Supplied records =
^^^^^^^^

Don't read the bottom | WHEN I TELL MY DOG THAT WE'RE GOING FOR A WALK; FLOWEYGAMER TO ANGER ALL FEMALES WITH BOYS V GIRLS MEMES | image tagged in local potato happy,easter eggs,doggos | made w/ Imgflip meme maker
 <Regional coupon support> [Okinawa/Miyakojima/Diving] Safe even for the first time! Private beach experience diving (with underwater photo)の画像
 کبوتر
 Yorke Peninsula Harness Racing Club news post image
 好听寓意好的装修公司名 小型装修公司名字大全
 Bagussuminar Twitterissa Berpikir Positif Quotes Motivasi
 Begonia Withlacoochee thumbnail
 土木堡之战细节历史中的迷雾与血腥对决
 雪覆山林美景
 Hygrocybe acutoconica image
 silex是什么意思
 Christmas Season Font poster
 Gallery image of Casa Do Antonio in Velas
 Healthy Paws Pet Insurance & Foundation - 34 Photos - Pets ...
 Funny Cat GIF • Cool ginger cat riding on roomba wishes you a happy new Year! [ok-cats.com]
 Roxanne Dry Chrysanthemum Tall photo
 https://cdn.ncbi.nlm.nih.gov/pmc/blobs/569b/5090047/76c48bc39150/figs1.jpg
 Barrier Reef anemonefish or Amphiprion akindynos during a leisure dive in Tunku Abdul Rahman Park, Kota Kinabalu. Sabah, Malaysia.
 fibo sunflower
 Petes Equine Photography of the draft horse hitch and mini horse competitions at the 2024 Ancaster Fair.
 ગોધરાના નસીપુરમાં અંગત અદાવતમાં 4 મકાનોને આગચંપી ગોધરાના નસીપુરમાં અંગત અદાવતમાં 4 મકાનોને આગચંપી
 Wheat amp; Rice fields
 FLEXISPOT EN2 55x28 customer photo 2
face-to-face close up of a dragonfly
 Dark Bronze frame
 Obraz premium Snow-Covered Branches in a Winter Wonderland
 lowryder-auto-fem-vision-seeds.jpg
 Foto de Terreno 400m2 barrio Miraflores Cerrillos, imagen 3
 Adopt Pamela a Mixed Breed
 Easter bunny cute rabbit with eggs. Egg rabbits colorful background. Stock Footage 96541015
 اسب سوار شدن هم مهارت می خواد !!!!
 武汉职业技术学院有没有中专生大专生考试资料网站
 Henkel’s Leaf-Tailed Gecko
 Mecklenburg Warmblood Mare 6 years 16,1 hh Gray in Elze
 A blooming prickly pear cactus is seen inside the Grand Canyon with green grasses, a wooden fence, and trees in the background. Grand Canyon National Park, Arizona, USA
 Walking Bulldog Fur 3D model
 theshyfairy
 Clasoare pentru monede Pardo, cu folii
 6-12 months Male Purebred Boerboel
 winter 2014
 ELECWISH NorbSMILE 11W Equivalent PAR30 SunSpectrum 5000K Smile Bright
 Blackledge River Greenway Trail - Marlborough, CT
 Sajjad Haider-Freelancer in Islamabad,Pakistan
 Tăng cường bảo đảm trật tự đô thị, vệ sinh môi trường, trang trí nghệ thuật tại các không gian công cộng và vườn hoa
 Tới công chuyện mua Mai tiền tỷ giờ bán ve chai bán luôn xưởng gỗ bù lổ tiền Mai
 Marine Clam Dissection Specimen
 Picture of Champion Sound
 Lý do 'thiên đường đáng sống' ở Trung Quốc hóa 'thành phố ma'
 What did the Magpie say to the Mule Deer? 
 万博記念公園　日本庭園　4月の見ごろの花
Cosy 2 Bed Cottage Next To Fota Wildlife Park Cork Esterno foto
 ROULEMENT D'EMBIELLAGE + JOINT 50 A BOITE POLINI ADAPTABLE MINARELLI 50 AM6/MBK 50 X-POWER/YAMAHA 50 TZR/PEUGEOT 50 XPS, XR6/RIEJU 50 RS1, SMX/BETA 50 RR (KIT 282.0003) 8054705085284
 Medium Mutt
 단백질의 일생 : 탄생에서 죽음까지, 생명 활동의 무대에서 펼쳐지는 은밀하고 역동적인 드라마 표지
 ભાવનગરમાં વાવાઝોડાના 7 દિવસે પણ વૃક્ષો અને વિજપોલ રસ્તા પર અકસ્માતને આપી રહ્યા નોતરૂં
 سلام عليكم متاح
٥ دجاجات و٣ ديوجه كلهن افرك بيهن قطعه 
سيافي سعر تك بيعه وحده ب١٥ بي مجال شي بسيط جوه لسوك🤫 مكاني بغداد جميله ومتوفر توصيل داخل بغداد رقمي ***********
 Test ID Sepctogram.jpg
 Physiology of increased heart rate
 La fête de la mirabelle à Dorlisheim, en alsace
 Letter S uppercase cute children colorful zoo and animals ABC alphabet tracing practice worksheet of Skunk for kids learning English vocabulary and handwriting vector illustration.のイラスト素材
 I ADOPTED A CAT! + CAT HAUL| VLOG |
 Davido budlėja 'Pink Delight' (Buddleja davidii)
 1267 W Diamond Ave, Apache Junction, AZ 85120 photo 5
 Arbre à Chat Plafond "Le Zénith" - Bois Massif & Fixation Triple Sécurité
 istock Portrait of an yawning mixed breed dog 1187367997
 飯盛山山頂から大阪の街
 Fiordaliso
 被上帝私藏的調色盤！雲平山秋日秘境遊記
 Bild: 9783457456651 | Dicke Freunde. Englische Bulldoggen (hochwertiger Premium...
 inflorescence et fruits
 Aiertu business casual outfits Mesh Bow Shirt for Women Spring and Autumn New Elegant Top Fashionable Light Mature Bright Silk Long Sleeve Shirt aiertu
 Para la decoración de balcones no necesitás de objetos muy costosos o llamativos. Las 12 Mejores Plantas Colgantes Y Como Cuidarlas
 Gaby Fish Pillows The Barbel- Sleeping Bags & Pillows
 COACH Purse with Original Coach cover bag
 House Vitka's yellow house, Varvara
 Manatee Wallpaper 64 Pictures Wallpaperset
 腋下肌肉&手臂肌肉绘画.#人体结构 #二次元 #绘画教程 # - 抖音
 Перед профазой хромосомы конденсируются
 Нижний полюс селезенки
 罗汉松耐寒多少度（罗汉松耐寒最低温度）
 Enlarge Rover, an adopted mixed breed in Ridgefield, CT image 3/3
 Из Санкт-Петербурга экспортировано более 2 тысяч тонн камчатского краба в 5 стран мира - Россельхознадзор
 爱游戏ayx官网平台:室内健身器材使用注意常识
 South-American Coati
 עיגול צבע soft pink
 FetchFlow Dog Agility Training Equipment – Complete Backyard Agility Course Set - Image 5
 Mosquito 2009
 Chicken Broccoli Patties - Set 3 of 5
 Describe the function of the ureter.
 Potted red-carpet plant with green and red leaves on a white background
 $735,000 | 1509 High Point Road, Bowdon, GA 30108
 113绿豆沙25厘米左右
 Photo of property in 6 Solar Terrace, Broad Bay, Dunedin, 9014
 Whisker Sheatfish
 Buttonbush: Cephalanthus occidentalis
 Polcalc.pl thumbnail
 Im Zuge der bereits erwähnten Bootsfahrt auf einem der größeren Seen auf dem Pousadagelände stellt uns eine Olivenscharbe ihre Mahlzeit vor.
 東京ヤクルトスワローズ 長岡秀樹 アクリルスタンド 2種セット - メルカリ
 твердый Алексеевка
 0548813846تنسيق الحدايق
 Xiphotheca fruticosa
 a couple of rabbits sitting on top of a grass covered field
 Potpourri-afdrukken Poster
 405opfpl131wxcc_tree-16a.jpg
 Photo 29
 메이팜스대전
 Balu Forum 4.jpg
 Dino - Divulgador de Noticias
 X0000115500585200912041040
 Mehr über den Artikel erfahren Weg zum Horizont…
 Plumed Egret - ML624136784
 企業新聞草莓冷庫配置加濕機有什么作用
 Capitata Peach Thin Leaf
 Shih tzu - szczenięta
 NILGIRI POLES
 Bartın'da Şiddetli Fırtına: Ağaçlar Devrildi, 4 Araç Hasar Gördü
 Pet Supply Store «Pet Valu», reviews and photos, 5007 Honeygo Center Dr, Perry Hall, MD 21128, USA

^^^^^^^^

What is being asked = Show, from the listing above, each line that contains the word "Bright".

Solution to the problem =
 ELECWISH NorbSMILE 11W Equivalent PAR30 SunSpectrum 5000K Smile Bright
 Aiertu business casual outfits Mesh Bow Shirt for Women Spring and Autumn New Elegant Top Fashionable Light Mature Bright Silk Long Sleeve Shirt aiertu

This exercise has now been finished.